## Task brief
Make a word-for-word copy of the entries below from their first line through the line with "Camiseta Cinza e", and add nothing.

Scraped caption text data
== Segment start ==
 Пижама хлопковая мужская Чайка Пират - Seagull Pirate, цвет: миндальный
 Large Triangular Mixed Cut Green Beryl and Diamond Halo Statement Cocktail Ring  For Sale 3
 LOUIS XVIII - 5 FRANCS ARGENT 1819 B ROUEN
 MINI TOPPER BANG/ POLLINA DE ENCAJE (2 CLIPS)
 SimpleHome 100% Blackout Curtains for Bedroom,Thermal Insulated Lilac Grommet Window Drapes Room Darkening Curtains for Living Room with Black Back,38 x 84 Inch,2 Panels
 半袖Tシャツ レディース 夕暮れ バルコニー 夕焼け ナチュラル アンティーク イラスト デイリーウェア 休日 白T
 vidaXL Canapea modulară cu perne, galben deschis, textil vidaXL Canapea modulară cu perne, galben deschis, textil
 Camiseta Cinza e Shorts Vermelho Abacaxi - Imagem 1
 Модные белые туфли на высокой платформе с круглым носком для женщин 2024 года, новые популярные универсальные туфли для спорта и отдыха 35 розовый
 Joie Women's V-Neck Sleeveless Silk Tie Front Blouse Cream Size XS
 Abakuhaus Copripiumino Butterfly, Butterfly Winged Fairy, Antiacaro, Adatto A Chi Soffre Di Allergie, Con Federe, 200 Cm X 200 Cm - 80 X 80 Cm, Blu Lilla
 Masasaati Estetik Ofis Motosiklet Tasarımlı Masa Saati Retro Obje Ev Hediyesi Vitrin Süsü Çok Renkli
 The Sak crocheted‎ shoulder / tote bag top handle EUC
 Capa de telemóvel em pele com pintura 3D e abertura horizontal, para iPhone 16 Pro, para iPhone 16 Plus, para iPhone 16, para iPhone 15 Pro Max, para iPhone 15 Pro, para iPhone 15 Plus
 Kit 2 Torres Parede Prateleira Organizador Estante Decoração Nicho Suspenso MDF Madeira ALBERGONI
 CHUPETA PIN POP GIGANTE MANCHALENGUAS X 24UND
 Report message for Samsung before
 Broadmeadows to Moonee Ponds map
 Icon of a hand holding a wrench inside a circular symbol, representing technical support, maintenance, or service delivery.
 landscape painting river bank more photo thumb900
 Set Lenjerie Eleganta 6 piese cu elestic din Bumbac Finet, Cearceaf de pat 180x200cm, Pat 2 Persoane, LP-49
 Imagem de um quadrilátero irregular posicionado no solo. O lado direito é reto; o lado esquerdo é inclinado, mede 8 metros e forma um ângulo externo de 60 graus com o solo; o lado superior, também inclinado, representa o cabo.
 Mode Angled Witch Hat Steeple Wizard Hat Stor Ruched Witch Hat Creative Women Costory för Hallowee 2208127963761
== Segment end ==
## Expected answer
 Пижама хлопковая мужская Чайка Пират - Seagull Pirate, цвет: миндальный
 Large Triangular Mixed Cut Green Beryl and Diamond Halo Statement Cocktail Ring  For Sale 3
 LOUIS XVIII - 5 FRANCS ARGENT 1819 B ROUEN
 MINI TOPPER BANG/ POLLINA DE ENCAJE (2 CLIPS)
 SimpleHome 100% Blackout Curtains for Bedroom,Thermal Insulated Lilac Grommet Window Drapes Room Darkening Curtains for Living Room with Black Back,38 x 84 Inch,2 Panels
 半袖Tシャツ レディース 夕暮れ バルコニー 夕焼け ナチュラル アンティーク イラスト デイリーウェア 休日 白T
 vidaXL Canapea modulară cu perne, galben deschis, textil vidaXL Canapea modulară cu perne, galben deschis, textil
 Camiseta Cinza e Shorts Vermelho Abacaxi - Imagem 1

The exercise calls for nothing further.